A few previous studies have shown a high rate of failure to antimony therapy in children as compared with adults, and most of them were performed in patients infected with L. guyanensis, Leishmania panamensis, and Leishmania peruviana.21,25,27,29 A systematic review summarized the evidence on efficacy and safety for treatments in pediatric populations with CL. In general, the efficacy of the drug was lower in pediatric patients than in adults, regardless of treatment.30 The risk factors for failure to antimony therapy are well known and include short duration of illness, large lesions, atypical presentation of the disease, and multiple lesions. Among these, the occurrence of more than one lesion is considered the most important factor associated to failure.21,25,26,31,32 In the present study, the odds of therapeutic failure at day 90 increased by 17.6% for each additional lesion. We also showed that younger age, shorter duration of the disease, and larger diameter of the biggest lesions were also associated with therapeutic failure at day 90.
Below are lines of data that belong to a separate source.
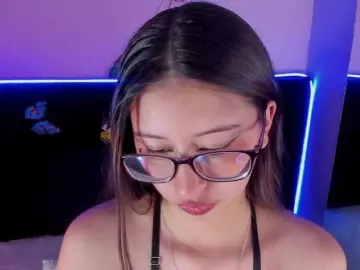 Katnisslovee  live sex cam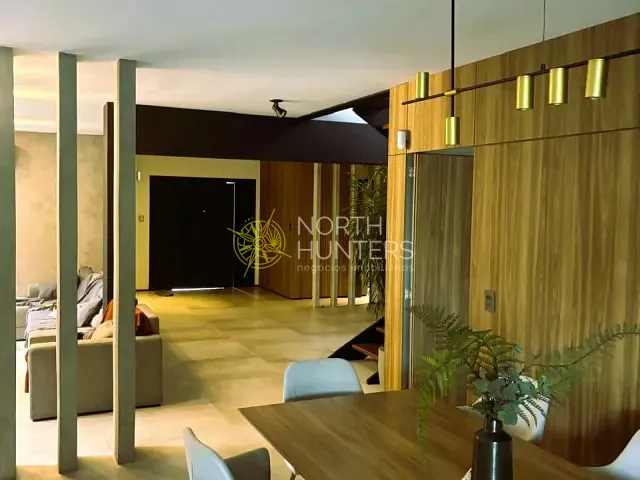 Casa com 450m² 4 quartos e 5 banheiros, à venda, no bairro Jurerê Internacional em Florianópolis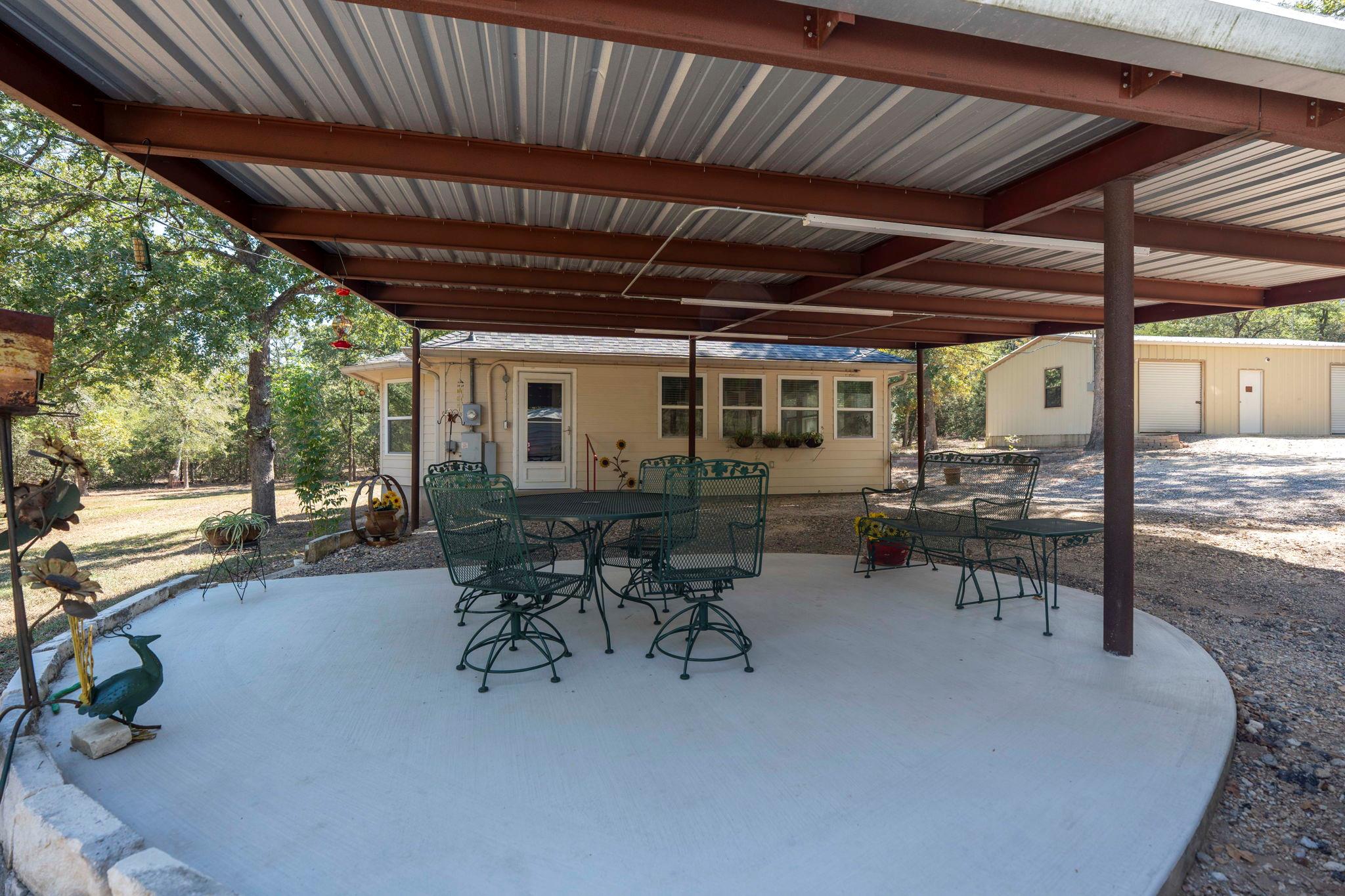 220 Clydesdale Dr Property Photo 7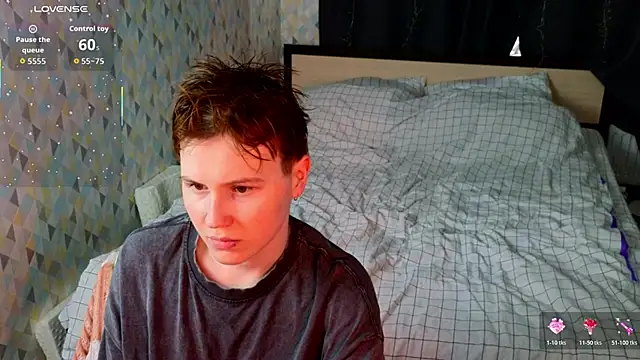 two_gerls_here webcam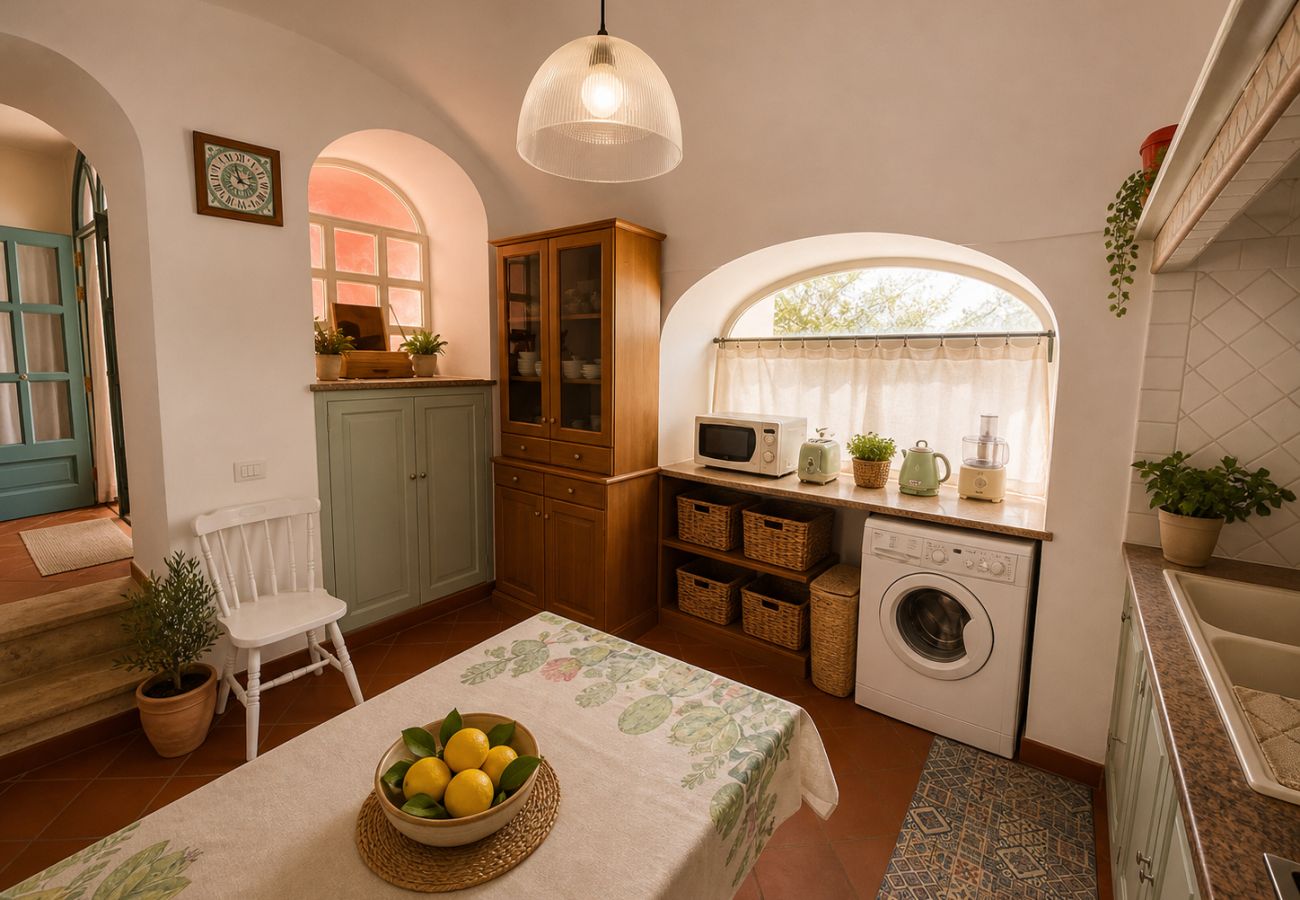 Casa a Positano - AMORE RENTALS - Casa Laura con Terrazza Vista Mare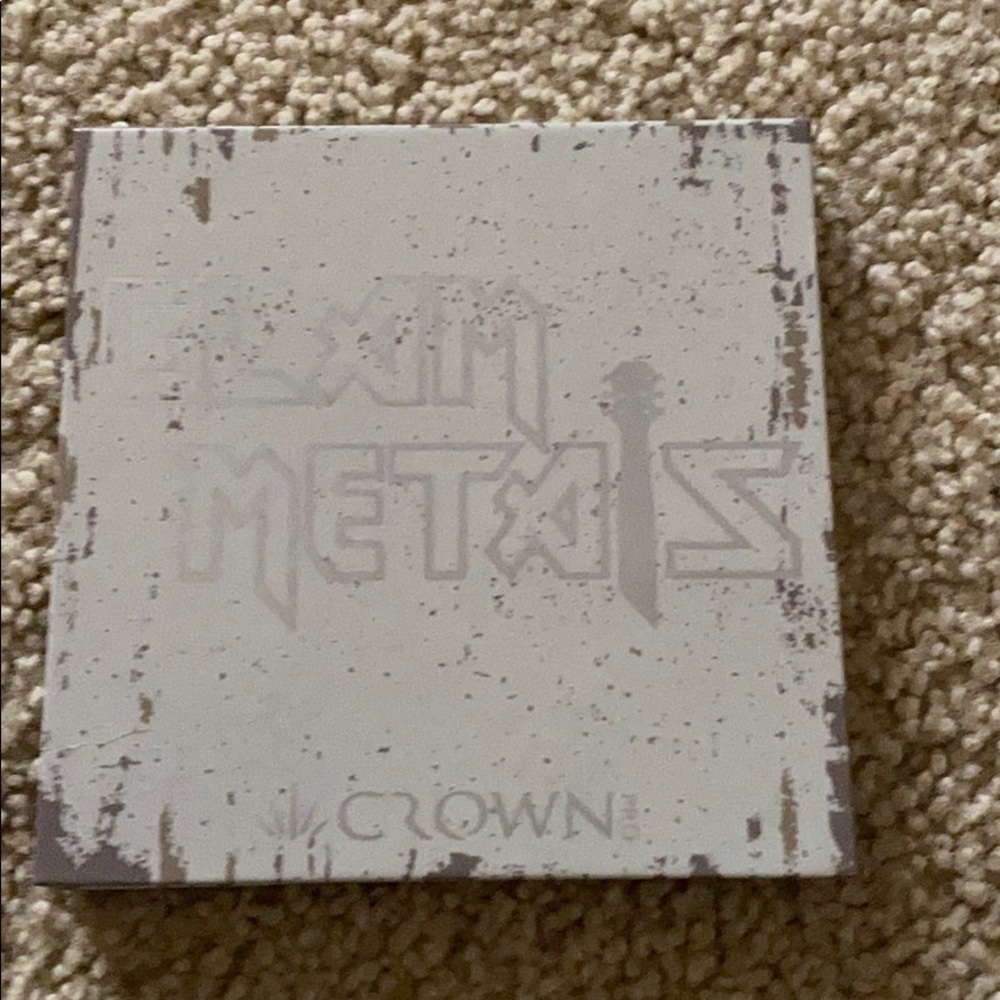 Crown Glam Metals eyeshadow pallet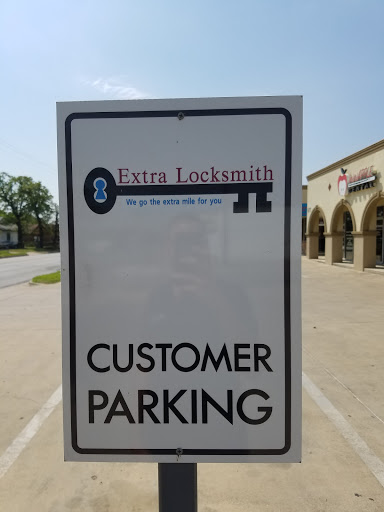 Locksmith «Extra Locksmith», reviews and photos, 911 N Sylvania Ave #180, Fort Worth, TX 76111, USA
Parasite factors may also influence the response to therapy. The cure rates with antimony are quite variable, ranging from 25% to 85%.33–35 It is known that CL caused by L. braziliensis presents a higher rate of failure to therapy in comparison with CL due to L. panamensis or L. guyanensis.31,32,36 More recently, a great difference in the response to therapy has been observed in CL caused by L. braziliensis in different regions of Brazil. For instance, although in the south of the country the cure rate may be as high as 85%,34,35 in our endemic area, in the northeast region of Brazil, the cure rate is lower than 55% in patients with ulcerated lesions19,37 and 25.8% in patients in the pre-ulcerative phase of the disease.33 It is known that L. braziliensis is polymorphic in our endemic area, and genotypic difference among isolates of the same species may influence the clinical presentation of the disease and the response to antimony therapy.11,38,39 Thus, it is possible that in addition to the previous observations of lower antimony levels in children than in adults, genotypic differences among isolates of L. braziliensis play a major role in response to therapy of CL caused by these species. However, we did not have sufficient DNA of the lesion from children to evaluate the genotypic characteristics of L. braziliensis in children.
This study analyzed a large number of children and adults with CL regarding clinical presentation of the disease and response to antimony therapy in an area of L. braziliensis transmission. We observed that children were more likely to present earlier and with lesions in the face than adults. Earlier diagnosis may be due to the fact that parents seek medical attention quickly for their children, whereas adults take longer time to seek medical care, mainly in rural areas because of work obligations besides other factors. The highest involvement of the area of the face in children may be related to their shorter stature, as the phlebotomine flies at very low altitude. Moreover, children were significantly more likely to fail antimony therapy at day 60, even after adjusting for duration of the disease, number of lesions, and diameter of the biggest lesion. At day 90, even though children were more 1.25 times likely to fail treatment, the results were not statistically significant. There are significant disparities in the clinical presentation and response to therapy of CL between children and adults. We conclude that, unlike studies with other Leishmania species, we have not documented that children infected with L. brasiliensis presented greater failure to antimony treatment on day 60 after the initiation of treatment. It is possible that the polymorphism of L. braziliensis in our endemic area and the consequent greater therapeutic failure observed in this area have influenced this result. Physicians caring for children with CL should be aware that lesions may take longer to heal and remain alert for the possibility of higher odds of therapeutic failure in the children.
Acknowledgment:
We thank Cristiano Franco for their secretarial assistance.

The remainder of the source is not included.